Amends the Export and Import Permits Act to broaden the definition of military goods, bar destination‑based exemptions and general permits, require conditional end‑use certificates and mandate detailed annual reporting.

The Brief

Bill C‑233 amends the Export and Import Permits Act to bring Canada’s statutory export-control framework closer to the Arms Trade Treaty. It expands the statutory definition of “arms, ammunition, implements or munitions of war” to expressly include parts, components and technology, prohibits destination‑based exemptions and the issuance of general export and brokering permits for military items, and strengthens the ministerial risk assessment that underpins permit decisions.

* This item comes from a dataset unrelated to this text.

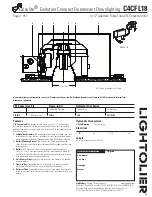 Предварительный просмотр 1 страницы Lightolier Calculite C4CFL18 Specification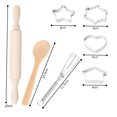 thumbnail image 5 of FUTUREORYY Pink Pretend Play Kitchen Toy Set for Kids Playing Made of Safe Durable Plastic 11Pcs, 5 of 5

The bill also creates a conditional end‑use certificate power — the minister may require a government-issued certificate from the receiving state when doing so would mitigate a substantial risk of serious international crimes — and compels a detailed annual parliamentary report on military exports, including permit lists, monthly quantities and summaries of decision rationales. These changes increase regulatory transparency and compliance obligations for exporters and brokers while raising implementation and diplomatic trade‑offs for government administrators.

At a Glance

What It Does

The bill revises definitions to cover parts and technology, bars exemptions and general permits for military goods, adds factors to the permit test (including risk of war crimes and Arms Trade Treaty status), empowers the minister to require end‑use certificates where they would mitigate substantial risks, and requires an annual, itemized export report to Parliament.

Who It Affects

Canadian defence manufacturers, military goods brokers and any business exporting parts, components or related technology; Global Affairs Canada’s export control and licensing staff; and foreign governments asked to provide end‑use certificates. Human‑rights monitors and Parliamentarians are affected by the new reporting obligations.

Why It Matters

The bill embeds ATT‑style controls into Canadian domestic law and shifts more discretion and documentation obligations onto exporters and the ministry. That increases transparency and accountability but also heightens paperwork, reapplication risk for existing permits and potential friction with defence trade partners.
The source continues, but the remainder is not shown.